Taler du dansk? In Deutschland ist Dänisch sicher nicht die verbreitetste Fremdsprache. Markenrechtlich betrachtet können wir vielleicht aber mehr Dänisch als wir glauben.
Bei der Entwicklung von Marken werden häufig fremdsprachige Begriffe verwendet. So finden sich z.B. viele englischsprachige Zeichen im deutschen Markenregister – nicht zuletzt Beleg dafür, dass die englische Sprache fast schon selbstverständlich Bestandteil unseres Alltags ist.
Wie verhält es sich aber mit Wörtern anderer Fremdsprachen, die in Deutschland als Marke geschützt werden sollen? Ein Beschluss des Bundespatentgerichts (BPatG) vom 4. August 2021 (Az. 29 W (pat) 527/18) führt uns ins Dänische.

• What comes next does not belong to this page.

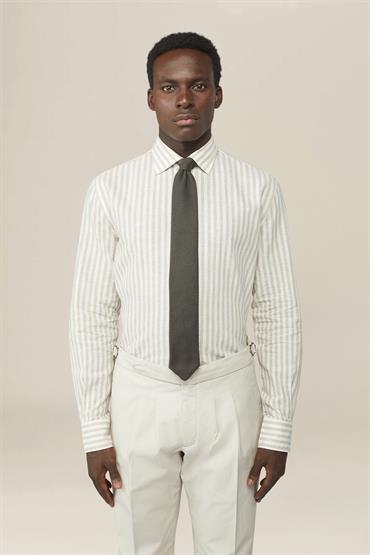 FRENCH COLLAR BACK CARRÈ SHIRT WHITE/BEIGE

Antreten zum Vokabeltest: „Behaglichkeit″ auf Dänisch
Für eine Vielzahl von Waren und Dienstleistungen der Klassen 9, 16, 35, 38, 41 und 42 war bei dem Deutschen Patent- und Markenamt (DPMA) eine Wort-/Bildmarke „hygge″ angemeldet worden. Das DPMA wies die Markenanmeldung zurück: Das dänische Wort „hygge″ werde ohne weiteres im deutschen Sprachgebrauch als „Gemütlichkeit″ oder „Behaglichkeit″ verstanden. Für die von der Markenanmeldung umfassten Waren und Dienstleistungen sei die Bedeutung des Wortes „hygge″ somit lediglich eine werbliche Anpreisung. Damit fehle es dem Zeichen „hygge″ an der erforderlichen markenrechtlichen Unterscheidungskraft.
Hiergegen legte die Markenanmelderin Beschwerde beim BPatG ein.
Duden und Wikipedia können maßgeblich für eine Prüfung des beschreibenden Inhalts der Marke herangezogen werden
Auch nach Auffassung des BPatG hat das ursprünglich dänische Wort „hygge“ längst Einzug in den deutschen Sprachgebrauch gehalten. Hierzu stellte das Gericht fest, dass das Wort „hygge“ mit einigem zeitlichen Abstand vor der strittigen Markenanmeldung in den Duden eingetragen wurde. Eine solche Aufnahme in den Duden spreche per se für eine gängige Verwendung in der deutschen Sprache. Weiterhin existierte auch schon vor dem Anmeldetag der Wort-/Bildmarke „hygge″ der deutsche Wikipedia-Eintrag „hyggelig“. Damit sei klar, dass das dänische Wort „hygge″ von den relevanten Verkehrskreisen in seiner Bedeutung ohne Weiteres verstanden werde.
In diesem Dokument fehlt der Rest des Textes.